<<<<

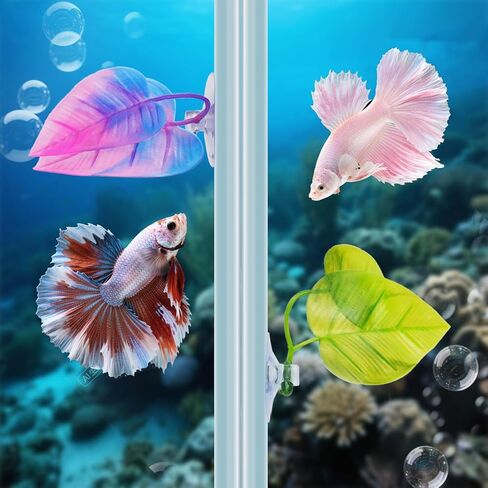5 PCS Betta Fish Leaf Pad, Betta Bed Leaf Hammock, Realistic Fish Tank Decorations with Suction Cup for Sleeping Resting Hiding Playing Breeding, Colorful Design Natural Habitat in Kuwait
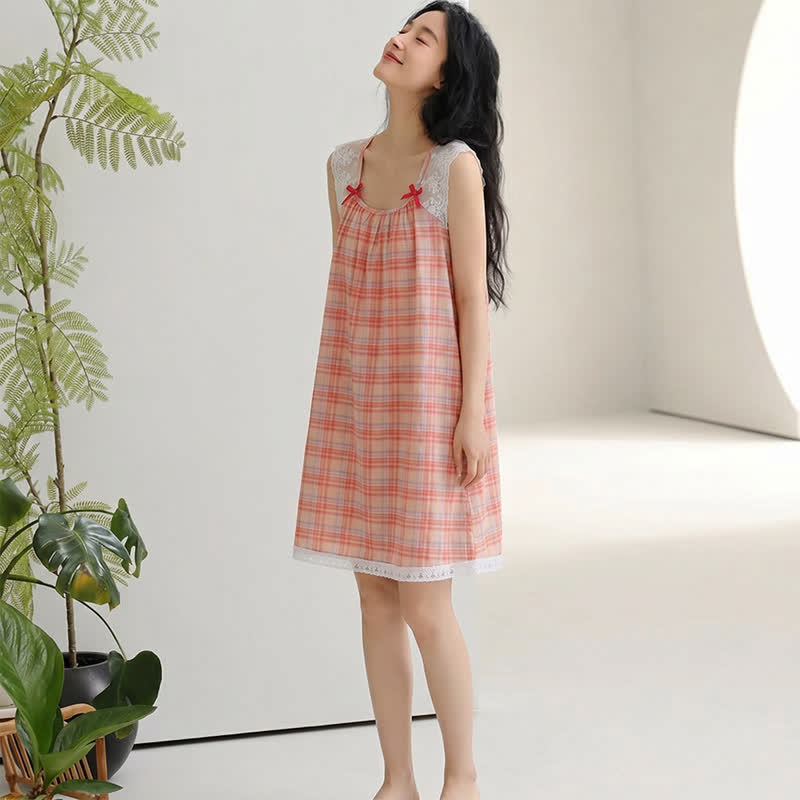 Ownkoti Rainbow Plaid Double Gauze Lace Trim NightDress - image 3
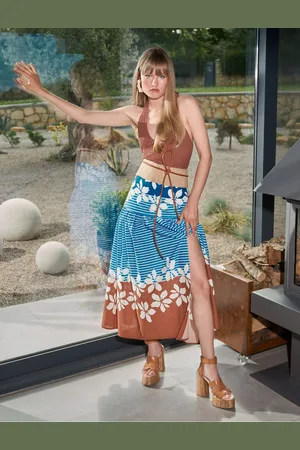 Koton Floral Midi Balloon Skirt A-Line Multicolored Cotton Lined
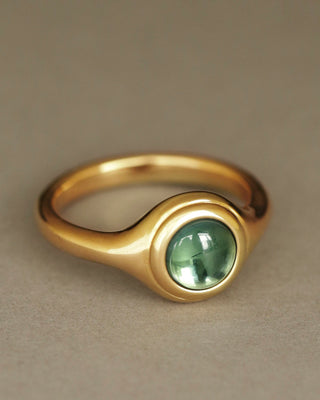 Duchess Ring by George Rings blue green tourmaline cabochon solid 18k yellow gold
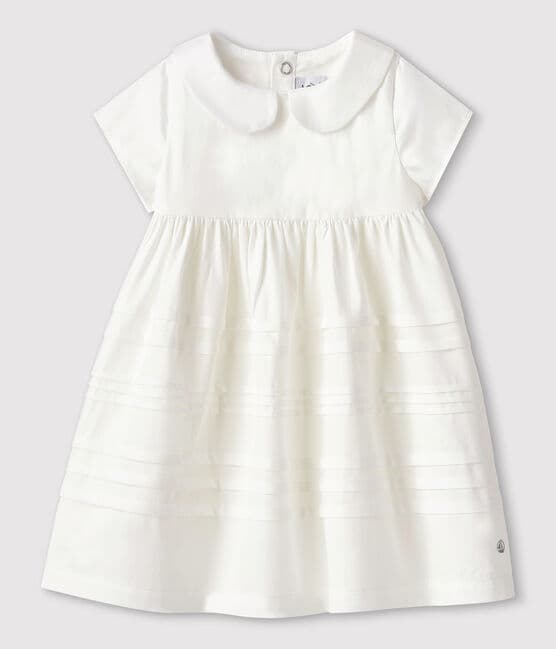 Baby Girls' Satin Formal Dress MARSHMALLOW white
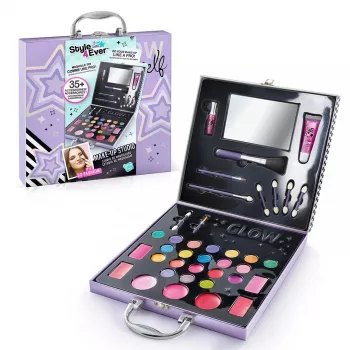 Canal Toys Make-Up Studio (OFG313) – lapsiturvallinen kosmetiikkasetti, jossa 10 luomiväriä, 6 huulikiiltoa, 2 poskipunaa, applikoattorit, siveltimet ja avattava peilikotelo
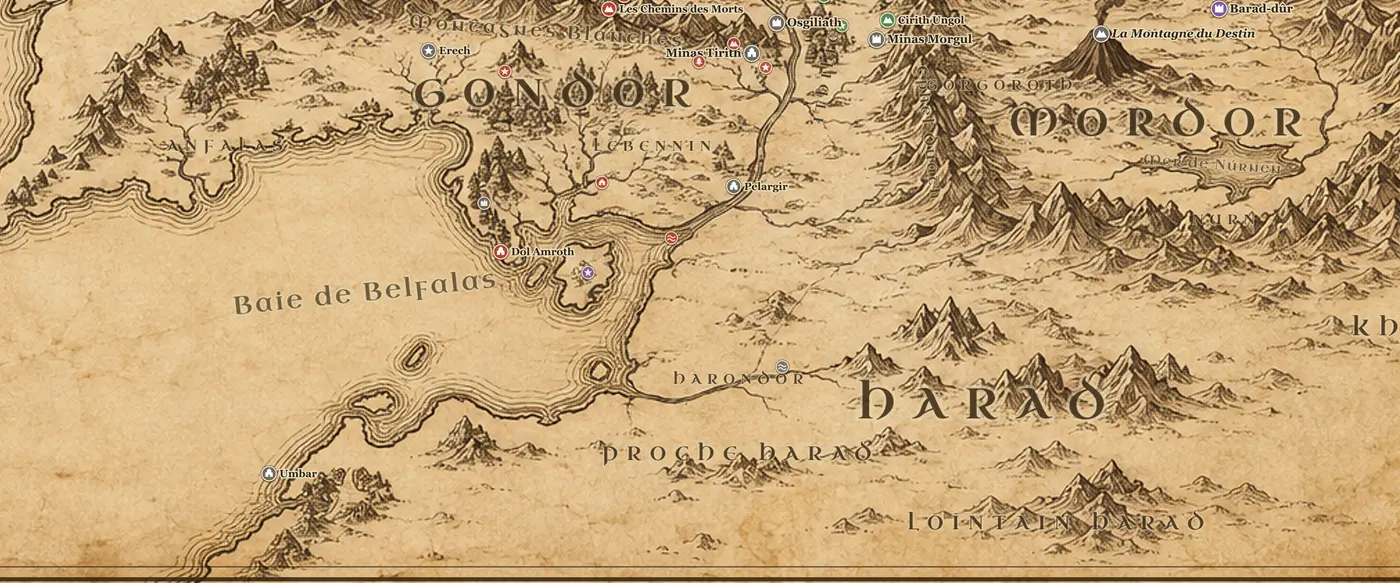 Le Harad sur la carte de la Terre du Milieu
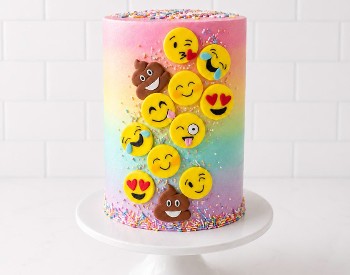 rainbow emoji cake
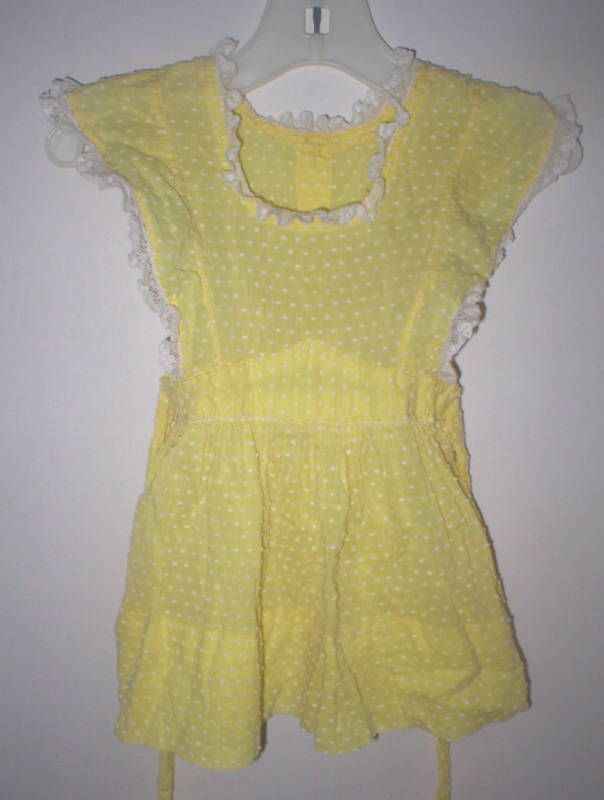 Vint 1930 40s yellow dotted swiss pinafore/sundress1 2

>>>>

**Activity**
Should a picture appear among the entries above, omit it and repeat everything else exactly.

**Your solution**
5 PCS Betta Fish Leaf Pad, Betta Bed Leaf Hammock, Realistic Fish Tank Decorations with Suction Cup for Sleeping Resting Hiding Playing Breeding, Colorful Design Natural Habitat in Kuwait
 Ownkoti Rainbow Plaid Double Gauze Lace Trim NightDress - image 3
 Koton Floral Midi Balloon Skirt A-Line Multicolored Cotton Lined
 Duchess Ring by George Rings blue green tourmaline cabochon solid 18k yellow gold
 Baby Girls' Satin Formal Dress MARSHMALLOW white
 Canal Toys Make-Up Studio (OFG313) – lapsiturvallinen kosmetiikkasetti, jossa 10 luomiväriä, 6 huulikiiltoa, 2 poskipunaa, applikoattorit, siveltimet ja avattava peilikotelo
 Le Harad sur la carte de la Terre du Milieu
 rainbow emoji cake
 Vint 1930 40s yellow dotted swiss pinafore/sundress1 2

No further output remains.